The total annual economic cost of diabetes in 2002 was estimated to be $132 billion.
Direct medical expenditures totaled $92 billion and comprised $23.2 billion for diabetes care, $24.6 billion for chronic diabetes-related complications, and $44.1 billion for excess prevalence of general medical conditions. Indirect costs resulting from lost workdays, restricted activity days, mortality, and permanent disability due to diabetes totaled $40.8 billion.
The per capita annual costs of health care for people with diabetes rose from $10,071 in 1997 to $13,243 in 2002, an increase of more than 30%. In contrast, health care costs for people without diabetes amounted to $2,560 in 2002.

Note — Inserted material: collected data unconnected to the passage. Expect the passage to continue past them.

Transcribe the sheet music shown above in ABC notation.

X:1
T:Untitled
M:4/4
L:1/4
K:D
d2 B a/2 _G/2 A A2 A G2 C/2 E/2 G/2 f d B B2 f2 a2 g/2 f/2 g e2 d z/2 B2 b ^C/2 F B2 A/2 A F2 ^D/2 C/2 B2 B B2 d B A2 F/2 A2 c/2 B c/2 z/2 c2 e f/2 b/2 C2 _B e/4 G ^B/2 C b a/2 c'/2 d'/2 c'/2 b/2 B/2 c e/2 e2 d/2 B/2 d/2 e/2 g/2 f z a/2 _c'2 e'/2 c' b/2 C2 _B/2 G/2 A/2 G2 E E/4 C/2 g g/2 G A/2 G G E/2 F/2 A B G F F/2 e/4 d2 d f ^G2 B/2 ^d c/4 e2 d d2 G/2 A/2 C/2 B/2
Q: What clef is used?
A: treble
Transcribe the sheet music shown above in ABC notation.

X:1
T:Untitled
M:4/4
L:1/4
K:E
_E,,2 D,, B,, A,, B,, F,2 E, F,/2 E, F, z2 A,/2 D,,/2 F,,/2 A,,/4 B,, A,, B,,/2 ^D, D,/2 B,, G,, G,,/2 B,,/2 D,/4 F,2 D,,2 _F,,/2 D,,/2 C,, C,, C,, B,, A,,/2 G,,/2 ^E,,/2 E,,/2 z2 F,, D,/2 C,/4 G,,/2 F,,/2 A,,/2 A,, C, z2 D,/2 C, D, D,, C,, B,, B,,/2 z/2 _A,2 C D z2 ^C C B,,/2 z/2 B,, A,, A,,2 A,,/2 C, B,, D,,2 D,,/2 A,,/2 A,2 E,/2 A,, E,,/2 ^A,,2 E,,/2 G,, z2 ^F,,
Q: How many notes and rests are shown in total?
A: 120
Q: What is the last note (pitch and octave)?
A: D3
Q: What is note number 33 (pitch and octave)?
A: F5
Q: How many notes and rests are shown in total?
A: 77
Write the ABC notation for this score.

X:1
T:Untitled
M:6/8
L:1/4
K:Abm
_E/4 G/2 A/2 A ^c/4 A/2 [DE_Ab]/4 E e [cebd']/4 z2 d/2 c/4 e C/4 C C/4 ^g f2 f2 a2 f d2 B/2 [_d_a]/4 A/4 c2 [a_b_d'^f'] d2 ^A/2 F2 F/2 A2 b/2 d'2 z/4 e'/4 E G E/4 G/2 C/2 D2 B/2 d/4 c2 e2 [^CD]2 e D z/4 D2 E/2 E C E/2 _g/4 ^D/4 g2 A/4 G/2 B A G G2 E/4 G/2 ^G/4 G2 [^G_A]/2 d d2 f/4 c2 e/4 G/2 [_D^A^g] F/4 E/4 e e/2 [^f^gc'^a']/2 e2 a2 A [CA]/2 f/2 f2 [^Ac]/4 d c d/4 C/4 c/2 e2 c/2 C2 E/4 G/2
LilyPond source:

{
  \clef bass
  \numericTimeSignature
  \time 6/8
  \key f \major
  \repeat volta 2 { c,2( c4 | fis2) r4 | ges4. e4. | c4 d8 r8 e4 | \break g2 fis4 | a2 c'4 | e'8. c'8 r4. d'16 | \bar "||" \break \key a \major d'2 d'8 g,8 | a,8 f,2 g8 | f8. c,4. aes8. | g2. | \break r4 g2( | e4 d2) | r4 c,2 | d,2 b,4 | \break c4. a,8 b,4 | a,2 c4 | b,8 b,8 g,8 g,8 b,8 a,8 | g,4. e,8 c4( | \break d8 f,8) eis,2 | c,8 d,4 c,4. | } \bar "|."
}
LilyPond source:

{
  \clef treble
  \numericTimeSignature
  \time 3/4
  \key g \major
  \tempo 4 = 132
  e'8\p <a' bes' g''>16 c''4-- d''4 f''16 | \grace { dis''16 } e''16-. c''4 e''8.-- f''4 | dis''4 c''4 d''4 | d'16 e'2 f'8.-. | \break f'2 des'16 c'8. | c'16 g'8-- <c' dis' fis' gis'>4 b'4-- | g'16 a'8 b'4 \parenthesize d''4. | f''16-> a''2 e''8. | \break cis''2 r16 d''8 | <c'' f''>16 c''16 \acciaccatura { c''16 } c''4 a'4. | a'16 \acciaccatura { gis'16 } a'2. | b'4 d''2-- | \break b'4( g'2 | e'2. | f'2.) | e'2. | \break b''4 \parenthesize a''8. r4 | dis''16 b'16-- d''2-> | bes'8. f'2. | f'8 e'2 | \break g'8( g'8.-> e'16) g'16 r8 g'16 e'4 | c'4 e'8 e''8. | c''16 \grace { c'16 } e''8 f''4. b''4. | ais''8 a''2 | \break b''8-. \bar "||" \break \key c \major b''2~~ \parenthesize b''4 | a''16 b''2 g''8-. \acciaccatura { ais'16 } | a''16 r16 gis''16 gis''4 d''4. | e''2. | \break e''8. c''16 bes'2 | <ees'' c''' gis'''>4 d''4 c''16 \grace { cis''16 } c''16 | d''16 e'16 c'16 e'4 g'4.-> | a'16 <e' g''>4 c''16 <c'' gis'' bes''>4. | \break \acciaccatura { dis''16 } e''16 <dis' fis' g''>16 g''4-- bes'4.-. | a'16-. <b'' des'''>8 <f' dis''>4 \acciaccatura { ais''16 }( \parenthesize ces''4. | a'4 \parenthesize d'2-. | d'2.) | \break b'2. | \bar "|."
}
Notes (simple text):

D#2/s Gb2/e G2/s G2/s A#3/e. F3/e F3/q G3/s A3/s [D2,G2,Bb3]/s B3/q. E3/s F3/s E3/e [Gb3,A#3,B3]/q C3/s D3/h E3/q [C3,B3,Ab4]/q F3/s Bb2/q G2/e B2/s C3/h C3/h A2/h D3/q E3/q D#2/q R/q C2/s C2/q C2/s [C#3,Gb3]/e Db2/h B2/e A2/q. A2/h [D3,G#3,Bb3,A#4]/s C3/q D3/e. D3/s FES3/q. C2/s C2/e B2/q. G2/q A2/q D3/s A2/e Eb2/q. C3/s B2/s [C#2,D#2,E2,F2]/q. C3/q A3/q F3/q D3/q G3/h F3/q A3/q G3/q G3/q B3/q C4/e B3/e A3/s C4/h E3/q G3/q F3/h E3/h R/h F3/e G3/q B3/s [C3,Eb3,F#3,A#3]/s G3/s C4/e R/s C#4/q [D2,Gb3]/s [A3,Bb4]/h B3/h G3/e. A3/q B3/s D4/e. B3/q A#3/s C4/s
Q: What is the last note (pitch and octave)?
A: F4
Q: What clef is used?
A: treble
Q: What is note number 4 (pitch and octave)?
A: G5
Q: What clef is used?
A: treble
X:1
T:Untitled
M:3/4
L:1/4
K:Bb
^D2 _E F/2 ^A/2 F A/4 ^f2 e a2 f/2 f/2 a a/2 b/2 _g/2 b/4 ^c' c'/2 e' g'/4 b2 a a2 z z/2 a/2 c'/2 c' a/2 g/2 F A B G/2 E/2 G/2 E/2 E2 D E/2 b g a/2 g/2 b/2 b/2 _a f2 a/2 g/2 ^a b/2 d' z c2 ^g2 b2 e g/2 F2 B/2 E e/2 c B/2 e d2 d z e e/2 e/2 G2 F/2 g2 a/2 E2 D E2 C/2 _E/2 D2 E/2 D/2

One out of every 10 health care dollars spent in the United States is spent on diabetes and its complications.
Direct Costs of Diabetes - Estimated at $92 billion in 2002, compared to $44 billion in 1997.
- Diabetes alone represents 11% of the US health care expenditure. People with diabetes have medical expenditures 2.4 times higher than they would if they did not have diabetes.
- $40.3 billion was spent for inpatient hospital care and $13.8 billion for nursing home care for people with diabetes.
- Diabetes-related hospitalizations totaled 16.9 million days in 2002. Rates of outpatient care were highest for physician office visits, which included 62.6 million visits to treat persons with diabetes.
- Cardiovascular disease is the most costly complication of diabetes, accounting for more than $17.6 billion of the $91.8 billion annual direct medical costs for diabetes in 2002.
Indirect Costs of Diabetes - Estimated to be $40 billion in 2002.
- In 2002, diabetes accounted for a loss of nearly 88 million disability days.
- 176,000 cases of permanent disability were caused by diabetes, at a cost of $7.5 billion.